Now that I’ve been back in the homeland long enough to unravel a multitude of myths I’ve built up about the culture and character of the Korean people over the past two years, I’ve discovered yet another one that needs to be shattered: Americans are just as much about appearances, but in a worse, far more destructive way. Let me explain.
I remember (when I was a kid) going into a movie rental place on a back street in Newark Valley, NY, a rural town upstate. The entrance was a broken screen door and that was all, I think—no outside door, no sign, some caging on the lone streetside window. Maybe that’s why one could only rent movies from there in the summer time.
Inside there were 5 or 6 metal shelves—the wire kind, the kind one used to find holding magazines in grocery stores. They lined the walls—one was even set in front of the window—and one lone shelf stood longways in the center of the store. There wasn’t enough room to fit two shelves back to back, just the one facing the right wall, with its back to the left wall nearest the door. If I had climbed the rusty fire escape to the roof to peer in through the hole in the ceiling, the formation of shelves would look like a big, square “0”.
While I’m sure Blockbuster was not around then, I knew of at least one other, bigger movie rental store in the town, because I had gone there to rent movies with Mom a few times. The selection was much bigger and they sold bags of popcorn (popped fresh from a machine) and Nintendo games. This smaller, back street store sold Big League Chew and Marvel comics. The charge for rentals at both stores was the same, though. I know this because at one point I asked my mother how the small, dirty store could possible have the same prices as the bigger, cleaner store—the one with popcorn. The selection was not as good and we could only rent the movie for two days instead of five, like the bigger store.

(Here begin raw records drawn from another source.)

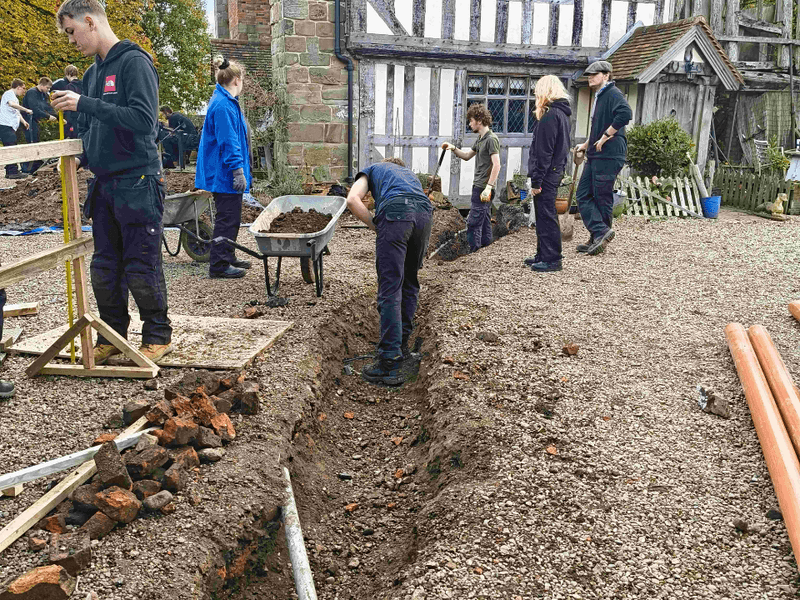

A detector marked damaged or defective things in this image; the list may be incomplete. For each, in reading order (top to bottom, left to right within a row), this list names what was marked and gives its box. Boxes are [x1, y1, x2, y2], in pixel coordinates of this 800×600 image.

pile of broken brick [0, 370, 260, 600]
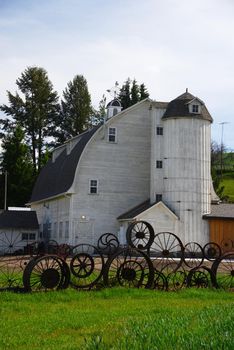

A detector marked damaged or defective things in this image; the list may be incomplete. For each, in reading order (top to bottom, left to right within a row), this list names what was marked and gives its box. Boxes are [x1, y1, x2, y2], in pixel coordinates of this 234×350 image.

rusty iron wheel [22, 254, 69, 292]
rusty iron wheel [68, 243, 103, 290]
rusty iron wheel [96, 232, 119, 258]
rusty iron wheel [103, 246, 154, 288]
rusty iron wheel [127, 220, 154, 250]
rusty iron wheel [149, 231, 184, 274]
rusty iron wheel [184, 243, 204, 268]
rusty iron wheel [203, 242, 221, 262]
rusty iron wheel [211, 252, 234, 290]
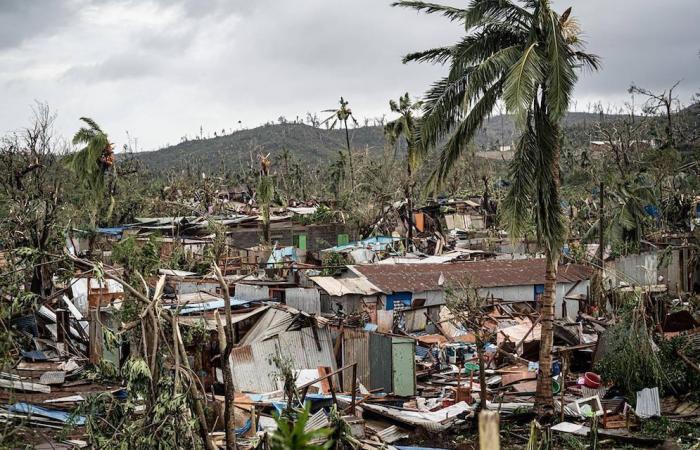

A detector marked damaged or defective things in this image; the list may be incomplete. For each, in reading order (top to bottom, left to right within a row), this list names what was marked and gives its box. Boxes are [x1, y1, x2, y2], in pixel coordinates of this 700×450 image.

rusted metal sheet [286, 286, 322, 314]
rusted metal sheet [344, 326, 372, 390]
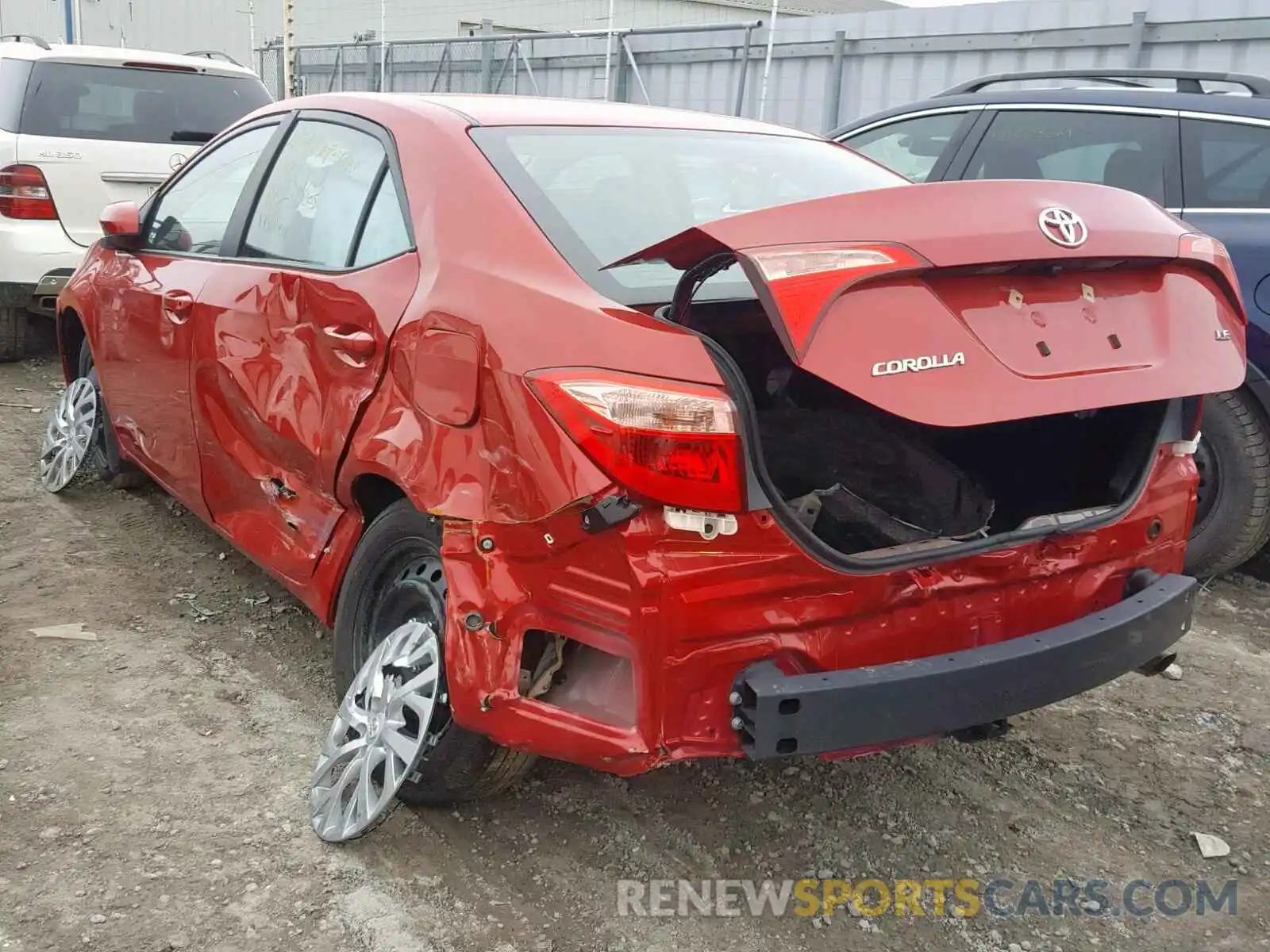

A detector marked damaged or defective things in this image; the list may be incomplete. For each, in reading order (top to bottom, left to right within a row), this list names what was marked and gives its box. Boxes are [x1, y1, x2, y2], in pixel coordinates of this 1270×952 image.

damaged red sedan [57, 93, 1238, 803]
crushed rear bumper [730, 565, 1194, 758]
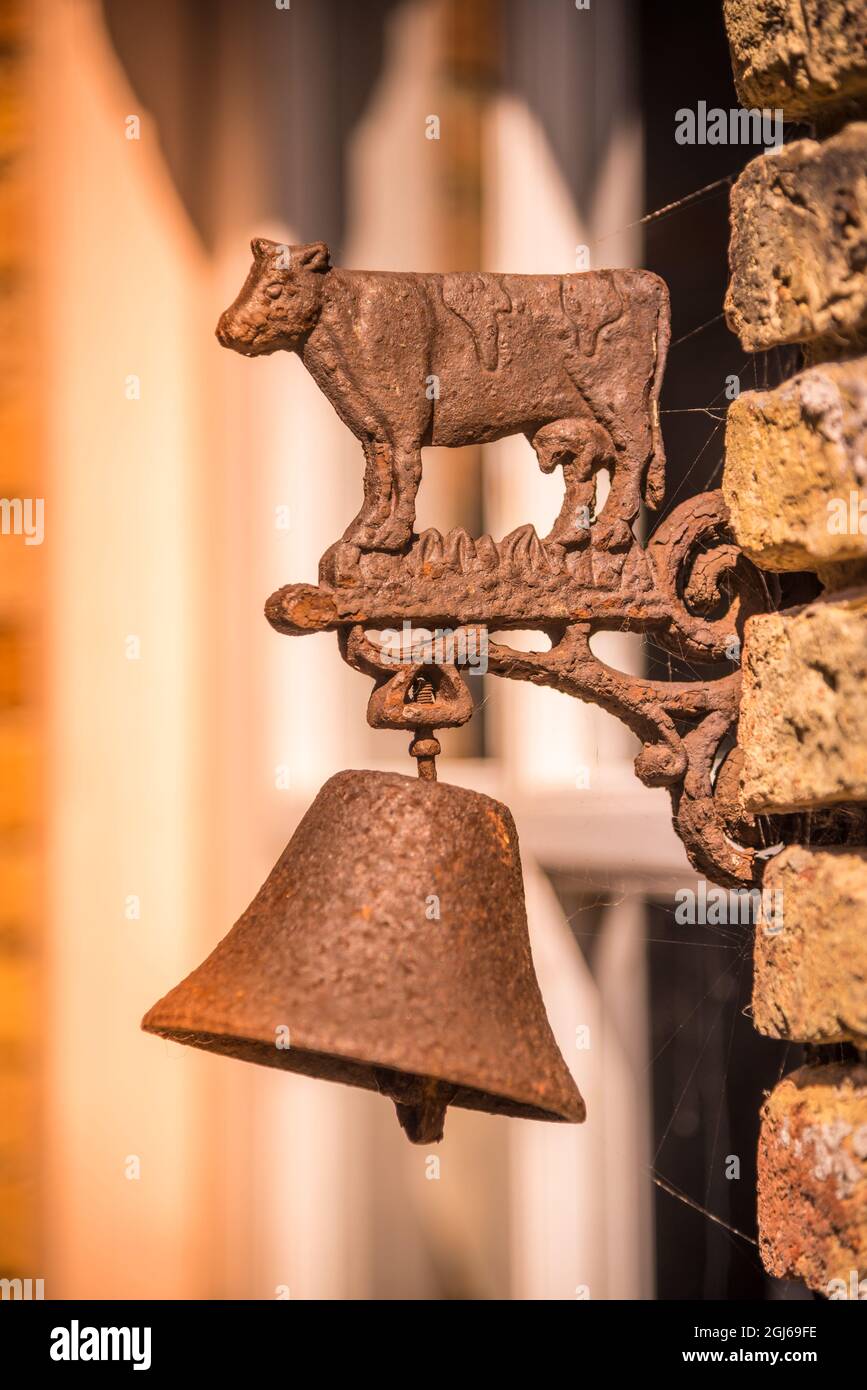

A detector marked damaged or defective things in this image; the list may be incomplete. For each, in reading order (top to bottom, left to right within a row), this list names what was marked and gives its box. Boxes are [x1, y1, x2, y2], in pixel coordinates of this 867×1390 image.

rusty cow figure [216, 239, 669, 547]
rusted metal surface [143, 772, 583, 1139]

She said the small store ran a scam in that regard. It was not reputable, not as fancy or friendly as the bigger store
They weren’t trying to scam us. In fact, the exact opposite was true. Despite the popcorn, the huge movie selection, and the vast array of video games, that big store had a strict return policy. You were fined for every extra day you kept the movie, even if you had a good excuse. For example, I tried explaining to clerk one day that my friend took my movie rental without my knowing and didn’t give it back to me until, like, three days after it was due. It totally wasn’t my fault and could he please drop the extra charges. Dude behind the counter told me I’d better pay up then get the friend to pay me back. My whole story was, of course, a complete fabrication to begin with. I, myself, had just forgotten to return it, but I thought in a small town businesses could allow for such slip ups to occur as an act of good faith. Not so.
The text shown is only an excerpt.